Diabetes results in altered levels of blood sugar because the body is not making or utilizing insulin as well as it should.

According to the CDC, in people with type 1 diabetes, the body makes no or very little insulin, the compound that helps balance sugar in the blood. As a result, they must rely on insulin injections.

People with type 2 diabetes have become resistant to this insulin, and they must rely on outside sources or other medications to help them control blood sugar levels.

In both cases, how well a person manages the condition will be the only factor affecting whether they can donate blood. People with either form of diabetes who manage their blood sugar well should have no problem donating.

Anyone with diabetes will need to monitor their blood sugar levels closely ahead of donating blood to ensure that they are within the acceptable range on the day of the procedure.

The blood donation process for someone with diabetes is largely the same as it is for any other blood donor. However, a person should bring any equipment necessary to monitor and adjust their blood sugar levels if necessary.

Before the procedure

Before the donation, a person will need to fill out some paperwork, including the required information to register as a donor. They will also need valid forms of identification, such as a driver’s license or passport.

The attendant will ask some questions about an individual’s physical health and medical history. They will also ask about any recent travel.

The attendant will then take the person’s basic vitals, such as pulse, blood pressure, and temperature.

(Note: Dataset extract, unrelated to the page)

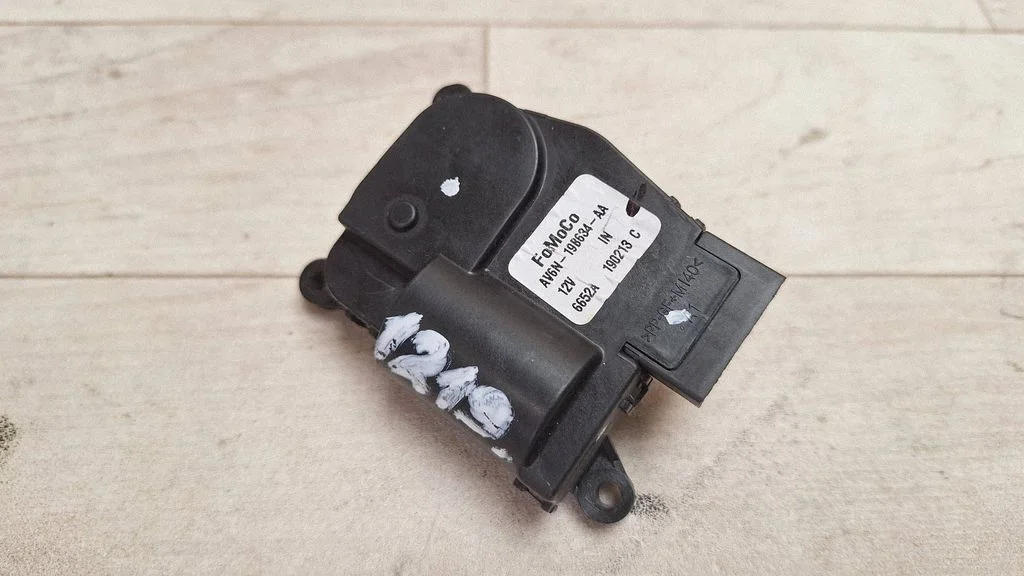 Air flap motor/actuator AV6N19B634AA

After this short checkup, the donation procedure begins.

During the procedure

The blood donation procedure itself is relatively simple. The attendant cleans an area, generally on the person’s arm, where the veins are easy to see. They will then insert a needle into the vein to begin drawing blood.

For whole blood donations, the blood draws into a bag. The process takes roughly 8–10 minutes for a unit of blood, which is about 1 pint.

Donating other blood products via processes, such as apheresis, may take up to 2 hours, but the process is similar. Instead of drawing into a bag, the blood draws into a machine that filters out the necessary product. The rest of the blood can then infuse back into the person’s body.

After the procedure

After the procedure, the attendant will cover the needle insertion area with a bandage.

They will ask the person to rest for about 15 minutes and may offer them simple snacks, juice, or water. People with diabetes may wish to bring their own snacks or drinks to have more control over what they consume.

After donating blood, it is important to monitor blood glucose levels regularly.

Anyone donating blood should care for themselves in the days that follow. This self-care includes drinking extra fluids to keep the body hydrated and consuming more iron- and mineral-rich foods to help replace the compounds they have lost from donating blood.

People with diabetes can have difficulty controlling their blood sugar and must often rely on insulin to balance their levels. Although diabetes and blood sugar levels may affect a person in other ways, if they can manage the condition well, it should not alter their ability to donate blood.

People with diabetes should also pay special attention to their blood sugar levels during recovery, and they may need to make changes in insulin levels as they recover.

Here are some common questions regarding donating blood while having diabetes.

What happens to blood sugar after donating blood?

In some cases, blood donation may improve markers of diabetes. A 2016 study found that males who donated blood had improved glucose tolerance after 3 weeks.

Can you donate blood if you take metformin?

Metformin (Fortamet, Glumetza) is an oral medication that helps control diabetes. As long as a person living with diabetes can control their diabetes with insulin or oral medications, they can donate blood.

Can a person living with diabetes donate blood plasma?

There are different types of blood donations. For example, a person can donate blood plasma, which contains proteins and antibodies crucial for clotting and immunity. Whether or not someone with diabetes is eligible to donate plasma depends on the donation facilities. An individual can check with their preferred facility, as they may also have additional, specific donation requirements.